## Required action
Could you set down the listing below exactly and omit its images?
# # # # # # #
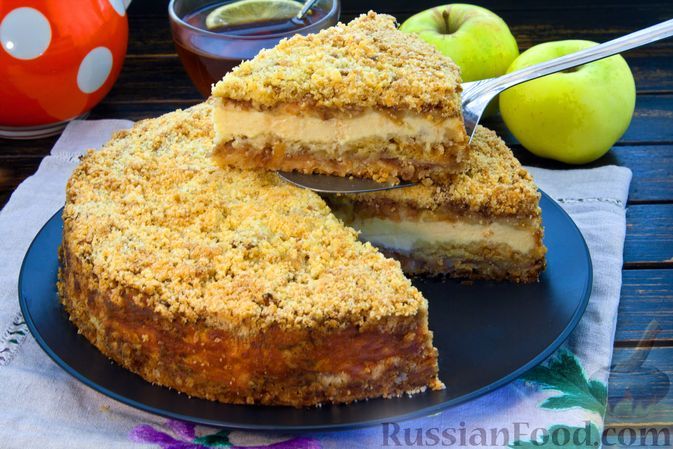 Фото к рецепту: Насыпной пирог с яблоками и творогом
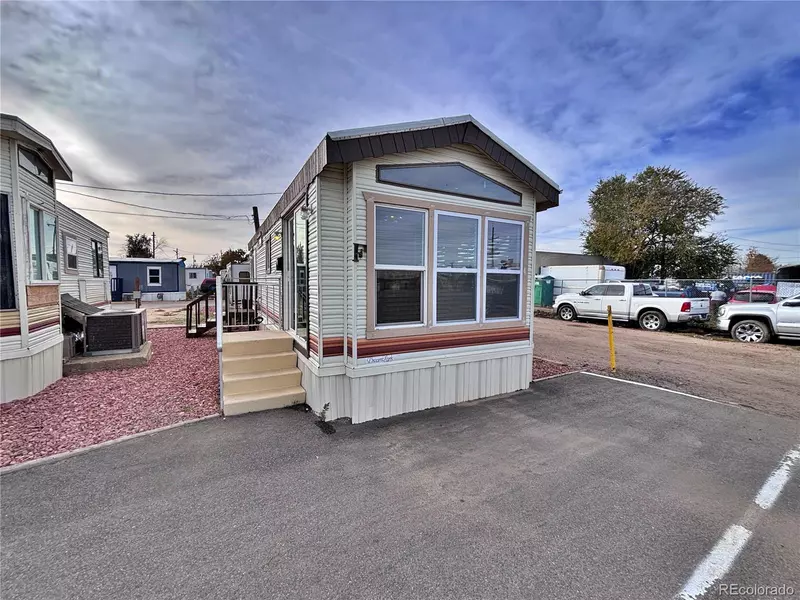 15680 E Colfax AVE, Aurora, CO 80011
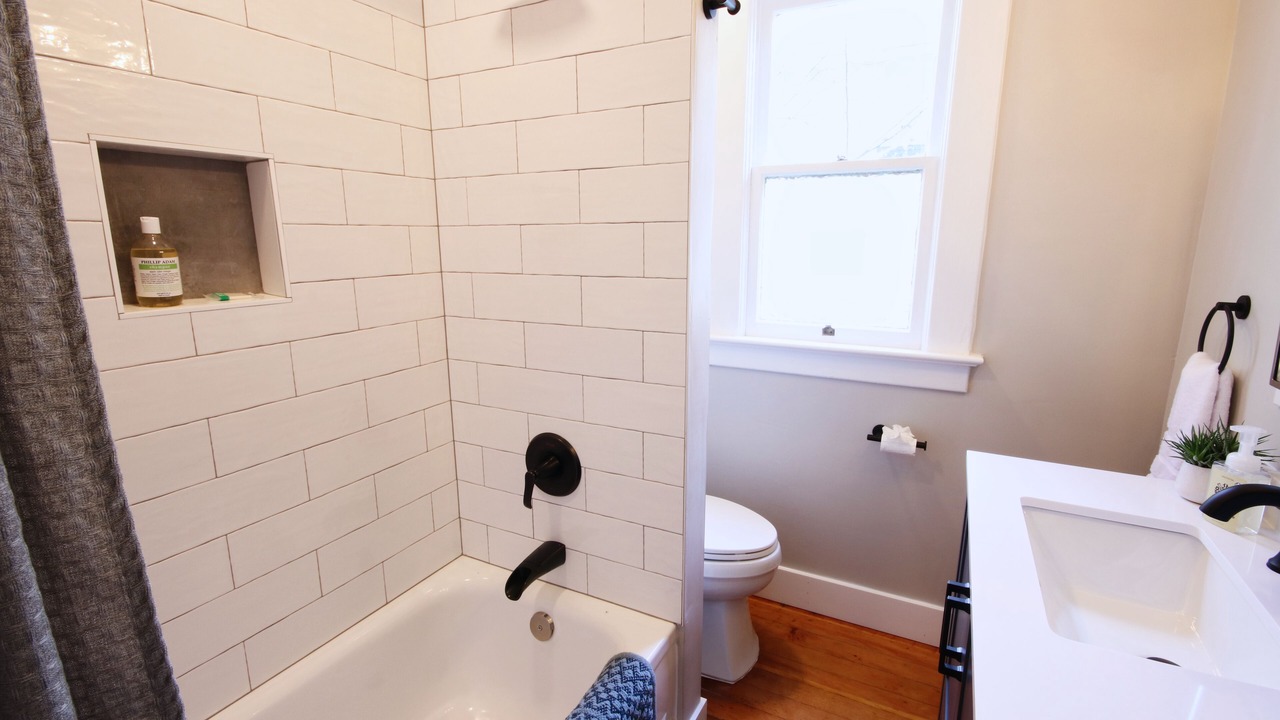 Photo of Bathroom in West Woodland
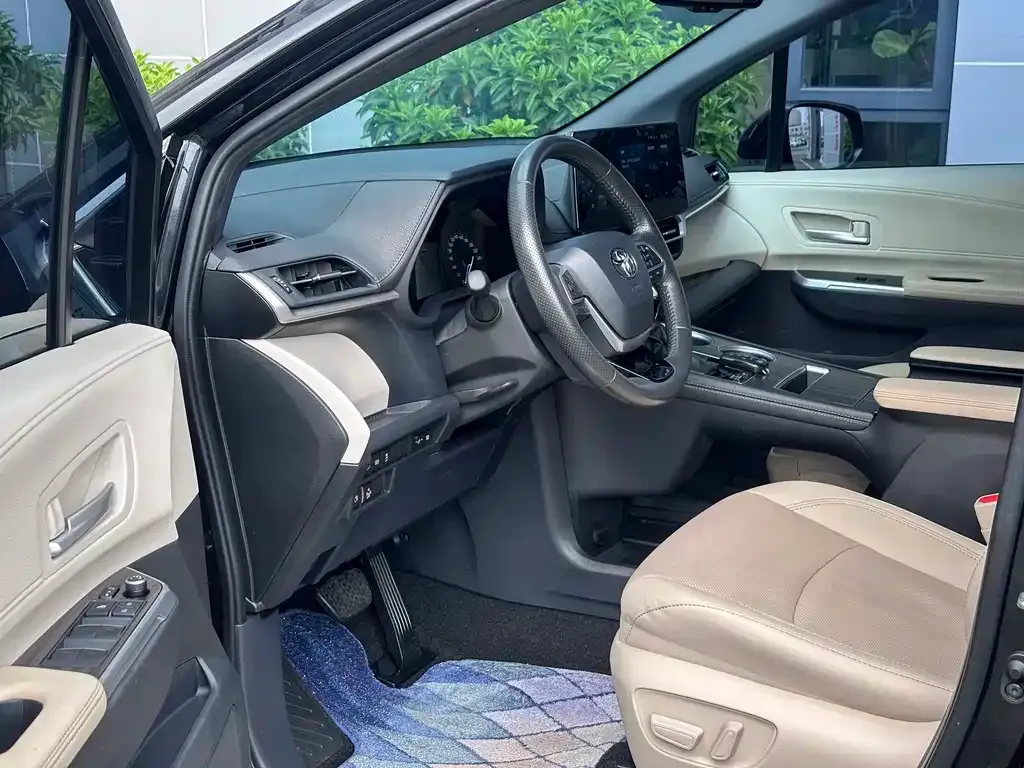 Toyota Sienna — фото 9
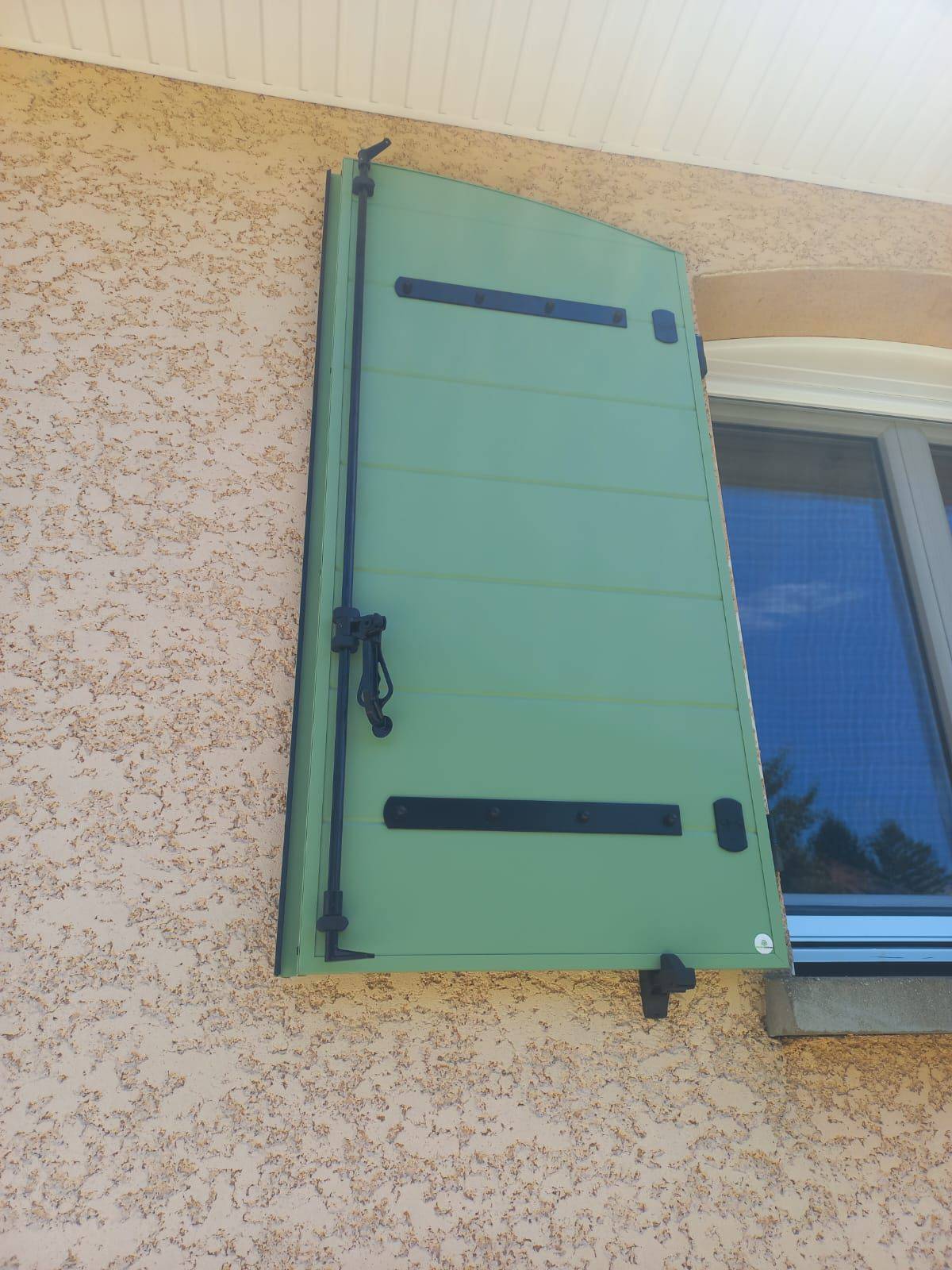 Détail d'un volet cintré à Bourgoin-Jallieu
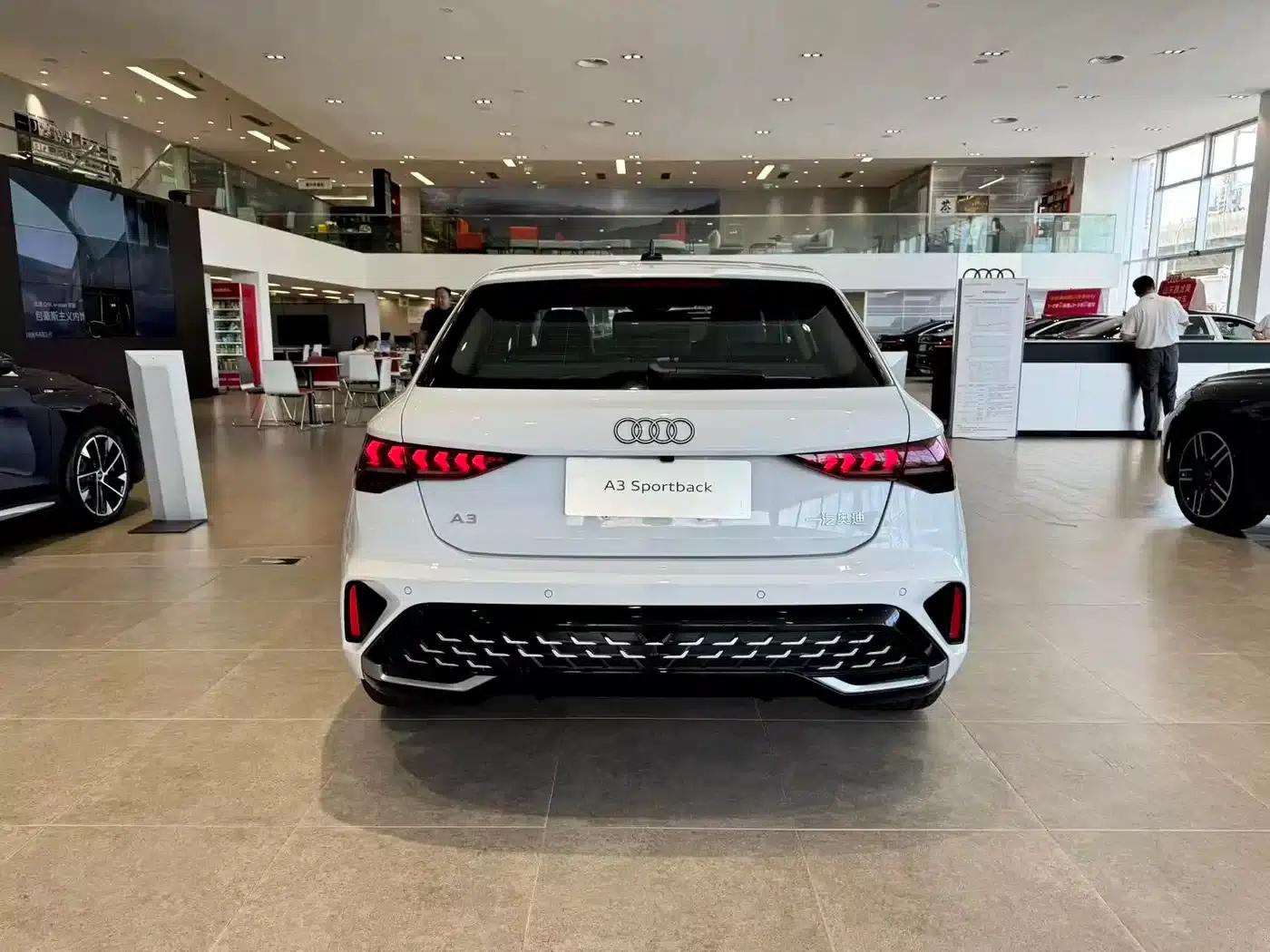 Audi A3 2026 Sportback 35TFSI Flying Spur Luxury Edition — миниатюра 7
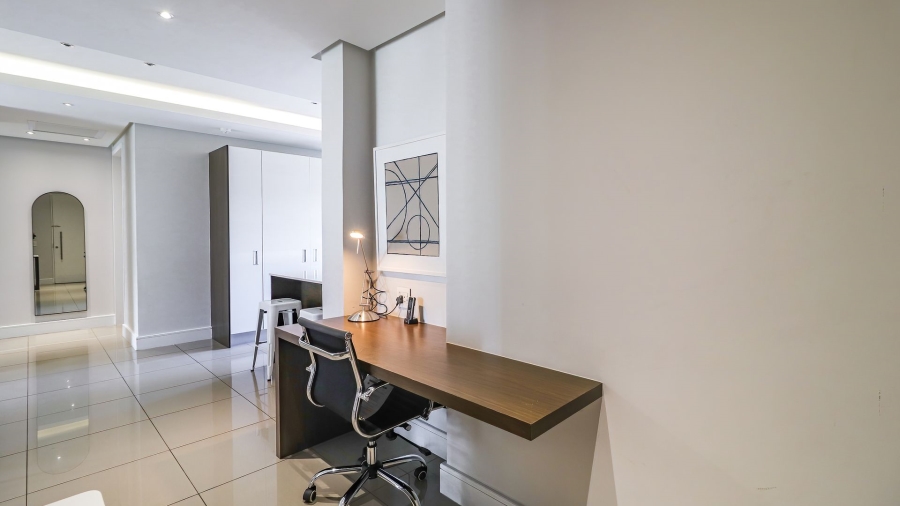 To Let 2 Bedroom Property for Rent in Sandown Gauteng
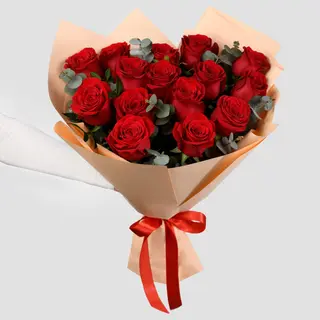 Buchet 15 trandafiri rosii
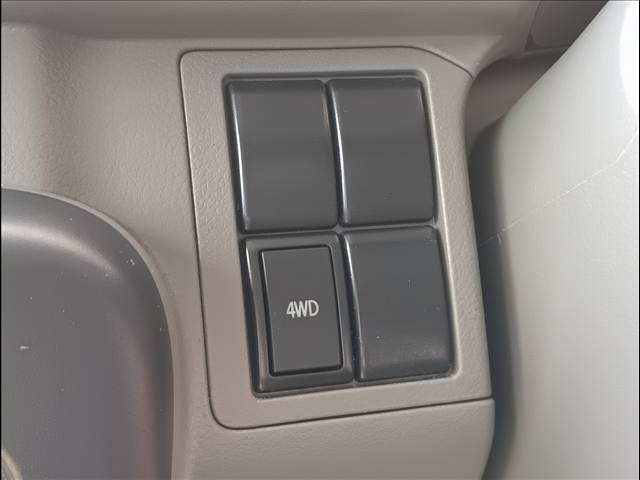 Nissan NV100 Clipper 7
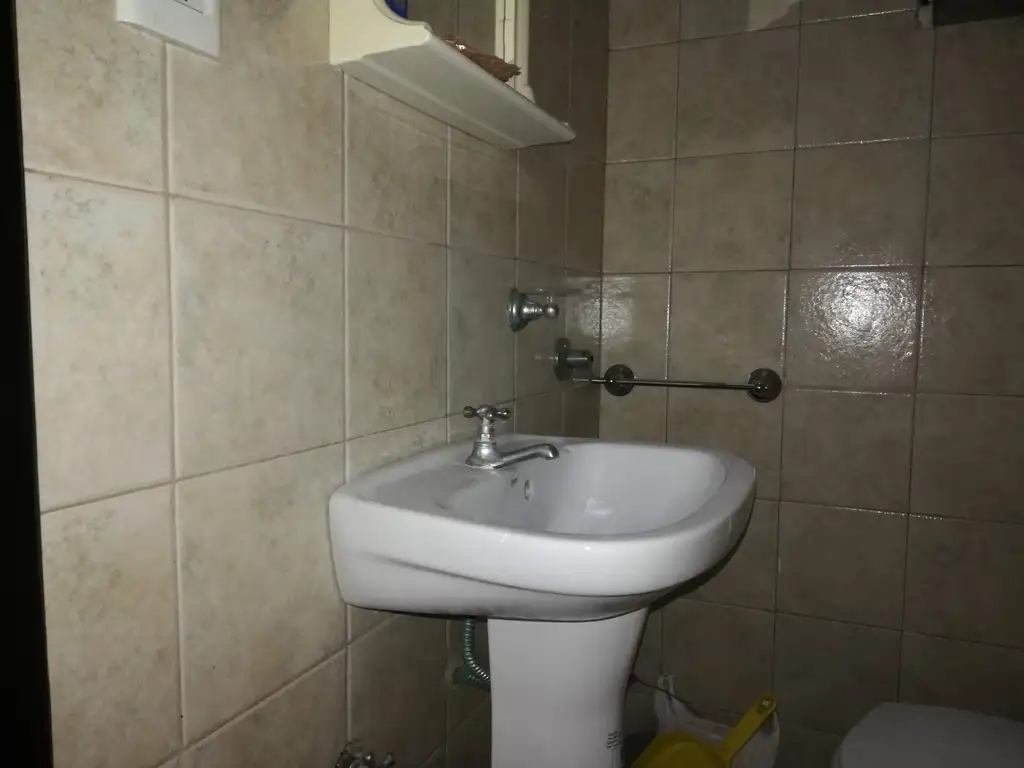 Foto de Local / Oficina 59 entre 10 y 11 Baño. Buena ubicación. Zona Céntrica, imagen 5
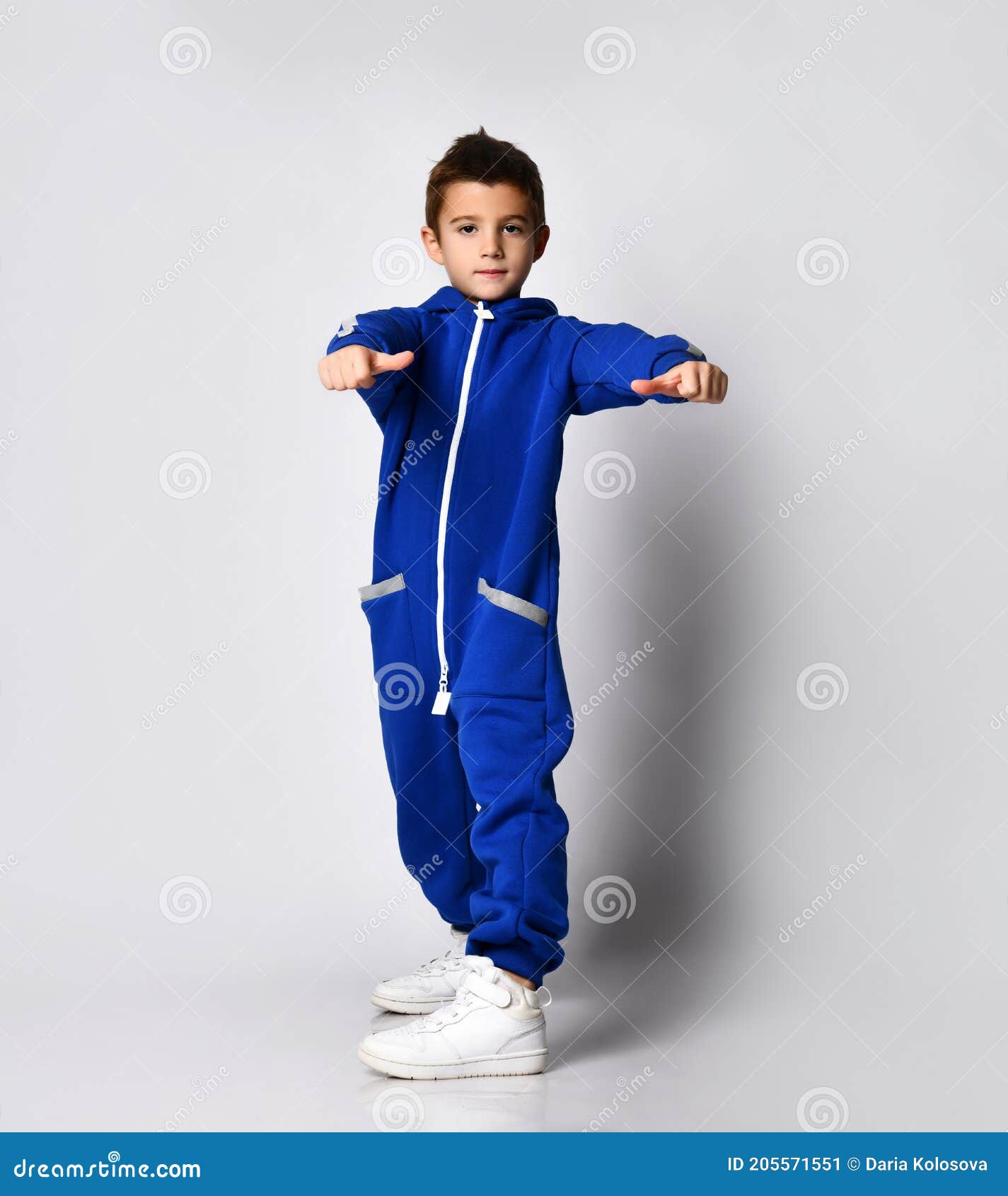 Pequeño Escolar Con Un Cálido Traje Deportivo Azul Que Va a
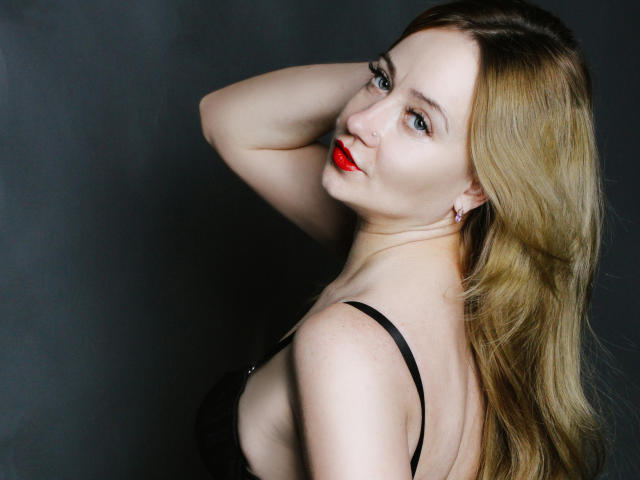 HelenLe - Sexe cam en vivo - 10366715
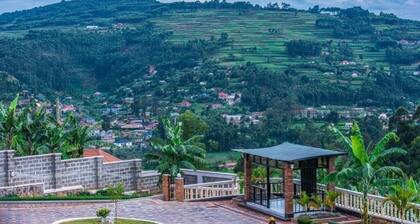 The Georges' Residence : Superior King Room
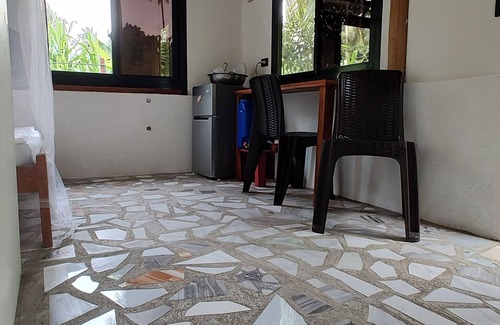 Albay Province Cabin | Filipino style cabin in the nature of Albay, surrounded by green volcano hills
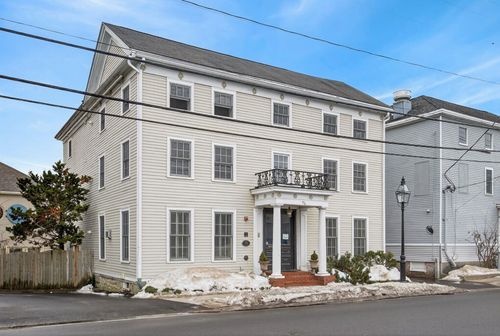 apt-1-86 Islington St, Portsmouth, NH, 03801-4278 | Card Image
# # # # # # #
## Solution to the problem
 Фото к рецепту: Насыпной пирог с яблоками и творогом
 15680 E Colfax AVE, Aurora, CO 80011
 Photo of Bathroom in West Woodland
 Toyota Sienna — фото 9
 Détail d'un volet cintré à Bourgoin-Jallieu
 Audi A3 2026 Sportback 35TFSI Flying Spur Luxury Edition — миниатюра 7
 To Let 2 Bedroom Property for Rent in Sandown Gauteng
 Buchet 15 trandafiri rosii
 Nissan NV100 Clipper 7
 Foto de Local / Oficina 59 entre 10 y 11 Baño. Buena ubicación. Zona Céntrica, imagen 5
 Pequeño Escolar Con Un Cálido Traje Deportivo Azul Que Va a
 HelenLe - Sexe cam en vivo - 10366715
 The Georges' Residence : Superior King Room
 Albay Province Cabin | Filipino style cabin in the nature of Albay, surrounded by green volcano hills
 apt-1-86 Islington St, Portsmouth, NH, 03801-4278 | Card Image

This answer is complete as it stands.